» **WHAT IS BEING ASKED**
In the entries below, find the line with "Painted Bright Red" and the line with "Collana minerale Nymph". Print those two and everything between them exactly, and nothing else.

» **INPUT MATERIAL**
--

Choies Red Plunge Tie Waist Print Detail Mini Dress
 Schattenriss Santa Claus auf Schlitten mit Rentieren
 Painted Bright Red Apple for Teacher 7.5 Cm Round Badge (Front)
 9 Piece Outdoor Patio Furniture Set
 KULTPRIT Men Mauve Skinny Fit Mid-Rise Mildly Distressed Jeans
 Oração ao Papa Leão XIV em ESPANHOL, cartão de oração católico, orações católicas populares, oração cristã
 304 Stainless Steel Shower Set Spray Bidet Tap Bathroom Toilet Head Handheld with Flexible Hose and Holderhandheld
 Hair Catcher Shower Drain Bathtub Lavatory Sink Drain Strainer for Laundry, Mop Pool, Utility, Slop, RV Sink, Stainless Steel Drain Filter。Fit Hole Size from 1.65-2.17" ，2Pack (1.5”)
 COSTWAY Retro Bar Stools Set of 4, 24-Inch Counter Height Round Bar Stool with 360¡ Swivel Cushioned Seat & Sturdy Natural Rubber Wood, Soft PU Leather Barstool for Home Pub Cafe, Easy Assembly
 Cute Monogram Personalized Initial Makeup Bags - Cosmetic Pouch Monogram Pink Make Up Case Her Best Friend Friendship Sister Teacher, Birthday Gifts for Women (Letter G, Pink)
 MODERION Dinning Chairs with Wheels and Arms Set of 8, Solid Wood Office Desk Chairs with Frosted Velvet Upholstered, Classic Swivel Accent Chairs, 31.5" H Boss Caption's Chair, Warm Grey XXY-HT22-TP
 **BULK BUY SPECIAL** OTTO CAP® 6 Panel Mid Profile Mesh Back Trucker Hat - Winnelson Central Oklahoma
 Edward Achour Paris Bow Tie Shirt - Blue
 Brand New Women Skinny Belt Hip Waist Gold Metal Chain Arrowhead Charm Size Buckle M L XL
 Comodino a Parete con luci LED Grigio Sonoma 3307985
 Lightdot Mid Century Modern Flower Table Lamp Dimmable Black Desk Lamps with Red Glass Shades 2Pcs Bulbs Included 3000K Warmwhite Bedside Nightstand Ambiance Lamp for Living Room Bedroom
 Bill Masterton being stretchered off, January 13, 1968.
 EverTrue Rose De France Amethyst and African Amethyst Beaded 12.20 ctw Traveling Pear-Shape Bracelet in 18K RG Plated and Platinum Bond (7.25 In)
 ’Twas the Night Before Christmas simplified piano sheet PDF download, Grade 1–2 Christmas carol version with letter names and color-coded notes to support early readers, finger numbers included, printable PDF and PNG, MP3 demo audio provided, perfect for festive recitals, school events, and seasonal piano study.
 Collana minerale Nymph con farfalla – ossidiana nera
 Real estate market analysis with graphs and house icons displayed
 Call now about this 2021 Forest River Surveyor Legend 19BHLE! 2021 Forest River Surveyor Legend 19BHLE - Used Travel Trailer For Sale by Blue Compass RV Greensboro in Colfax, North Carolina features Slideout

--

» **EXERCISE RESULT**
 Painted Bright Red Apple for Teacher 7.5 Cm Round Badge (Front)
 9 Piece Outdoor Patio Furniture Set
 KULTPRIT Men Mauve Skinny Fit Mid-Rise Mildly Distressed Jeans
 Oração ao Papa Leão XIV em ESPANHOL, cartão de oração católico, orações católicas populares, oração cristã
 304 Stainless Steel Shower Set Spray Bidet Tap Bathroom Toilet Head Handheld with Flexible Hose and Holderhandheld
 Hair Catcher Shower Drain Bathtub Lavatory Sink Drain Strainer for Laundry, Mop Pool, Utility, Slop, RV Sink, Stainless Steel Drain Filter。Fit Hole Size from 1.65-2.17" ，2Pack (1.5”)
 COSTWAY Retro Bar Stools Set of 4, 24-Inch Counter Height Round Bar Stool with 360¡ Swivel Cushioned Seat & Sturdy Natural Rubber Wood, Soft PU Leather Barstool for Home Pub Cafe, Easy Assembly
 Cute Monogram Personalized Initial Makeup Bags - Cosmetic Pouch Monogram Pink Make Up Case Her Best Friend Friendship Sister Teacher, Birthday Gifts for Women (Letter G, Pink)
 MODERION Dinning Chairs with Wheels and Arms Set of 8, Solid Wood Office Desk Chairs with Frosted Velvet Upholstered, Classic Swivel Accent Chairs, 31.5" H Boss Caption's Chair, Warm Grey XXY-HT22-TP
 **BULK BUY SPECIAL** OTTO CAP® 6 Panel Mid Profile Mesh Back Trucker Hat - Winnelson Central Oklahoma
 Edward Achour Paris Bow Tie Shirt - Blue
 Brand New Women Skinny Belt Hip Waist Gold Metal Chain Arrowhead Charm Size Buckle M L XL
 Comodino a Parete con luci LED Grigio Sonoma 3307985
 Lightdot Mid Century Modern Flower Table Lamp Dimmable Black Desk Lamps with Red Glass Shades 2Pcs Bulbs Included 3000K Warmwhite Bedside Nightstand Ambiance Lamp for Living Room Bedroom
 Bill Masterton being stretchered off, January 13, 1968.
 EverTrue Rose De France Amethyst and African Amethyst Beaded 12.20 ctw Traveling Pear-Shape Bracelet in 18K RG Plated and Platinum Bond (7.25 In)
 ’Twas the Night Before Christmas simplified piano sheet PDF download, Grade 1–2 Christmas carol version with letter names and color-coded notes to support early readers, finger numbers included, printable PDF and PNG, MP3 demo audio provided, perfect for festive recitals, school events, and seasonal piano study.
 Collana minerale Nymph con farfalla – ossidiana nera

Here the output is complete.